Recordemos que apenas siete u ocho generaciones atrás se empezaban a imprimir algunos libros en nuestras tierras. Y que hace solo cinco generaciones, tres cuartas partes de la población no era capaz de leer ni escribir.
Sin pecar de un excesivo optimismo, me atrevo a decir con toda certeza que la afirmación de que en este país “ya no se lee” es una especie de fake news.
Muy por el contrario, nunca como ahora se había leído tanto.
La historia atestigua la afirmación anterior, aun sin entrar a la discusión del valor que puede tener la lectura en medios digitales y de los textos cortos que dominan estos medios.
Dicha creencia, como todas las mentiras disfrazadas, no ayuda a entender la realidad en la que estamos y cómo actuar para mejorarla.

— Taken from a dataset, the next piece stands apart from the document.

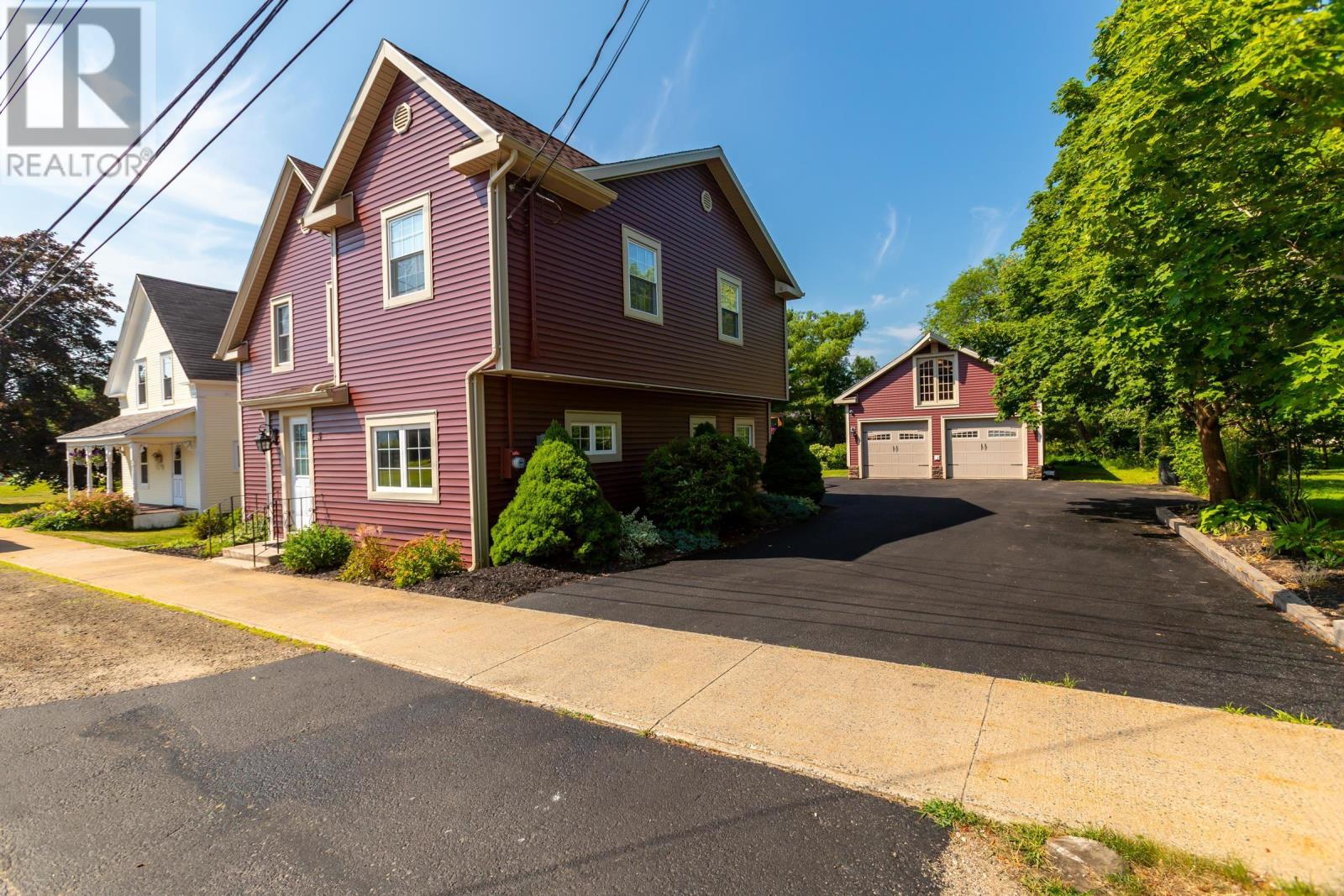 5 Rectory Street, Bridgetown, Nova Scotia  B0S 1C0 - Photo 2 - 202517826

Porque sí, hay que mejorarla, y no es la intención de este artículo señalar, ni obviar, las falencias educativas, de fomento a la lectura y la escritura, de circulación democrática del libro. Habrá que hacerlo en otros escritos, pero al menos señalo algunos temas muy importantes que van o deberían ir en la dirección correcta: la reglamentación y aplicación de la “Ley de fomento de la lectura, el libro y las bibliotecas”, recién aprobada el año anterior; el diseño y ejecución de programas nacionales de fomento de la lectura; el enriquecimiento bibliográfico de las bibliotecas escolares actuales y el desarrollo de muchas más, y la realización de un programa de ferias, a partir de la Feria Internacional y su expansión por todo el país, rompiendo con ello las fronteras internas del libro.